To solve this problem, we need to determine the stopping potential $V_s$. The stopping potential is the potential needed to stop the fastest photoelectrons emitted from a surface when illuminated by light.

2. Relevant Concepts

The maximum kinetic energy $KE_{\text{max}}$ of the photoelectrons is related to the energy of the incoming photons $E_{photon}$ by the equation: $KE_{\text{max}} = E_{photon} - \Phi$ where $\Phi$ is the work function of the material.
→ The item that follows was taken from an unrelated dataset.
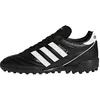 Image de Adidas - Kaiser 5 Team chaussure de football homme - noir( runninwht) - 42FR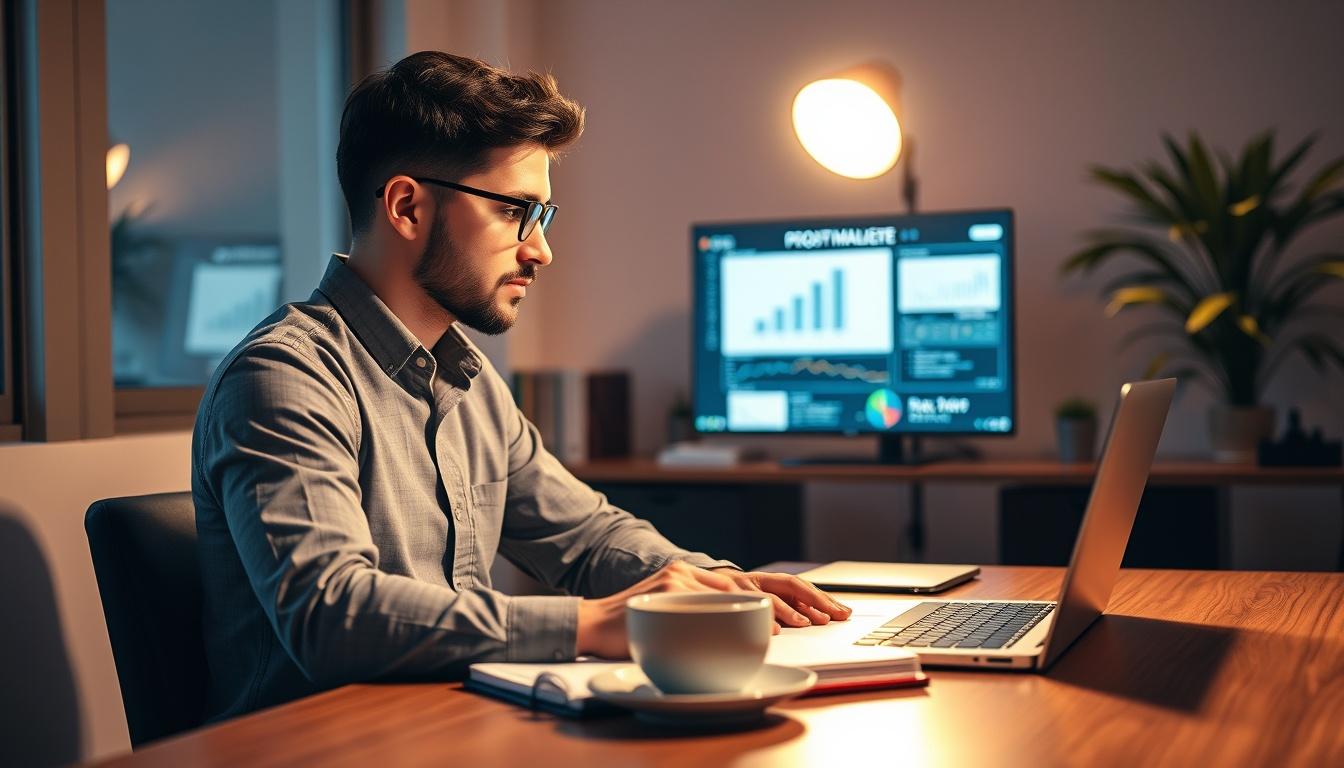 Enhance Your Skills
The stopping potential $V_s$ can also be determined by the equation relating kinetic energy to potential: $KE_{\text{max}} = e \cdot V_s$ where $e$ is the charge of an electron (approximately $1.6 \times 10^{-19}$ coulombs).

3. Analysis and Detail

From the problem, we know:

• The energy of the photons, $E_{photon} = 6$ eV
• Maximum kinetic energy, $KE_{\text{max}} = 4$ eV

Using the relation for kinetic energy, we can determine the work function: $4 \, \text{eV} = 6 \, \text{eV} - \Phi$ Rearranging gives us: $\Phi = 6 \, \text{eV} - 4 \, \text{eV} = 2 \, \text{eV}$

Now, using the relation for stopping potential with $KE_{\text{max}} = e \cdot V_s$: $4 \, \text{eV} = e \cdot V_s$ Thus, $V_s$ is calculated directly as: $V_s = \frac{KE_{\text{max}}}{e} = 4 \, \text{V}$

4. Verify and Summarize

We have derived $V_s$ using the kinetic energy and the concept of stopping potential. The calculations are consistent and verified through the stopping potential relationship.

Final Answer

The stopping potential in volts is $\boxed{4 \, \text{V}}$.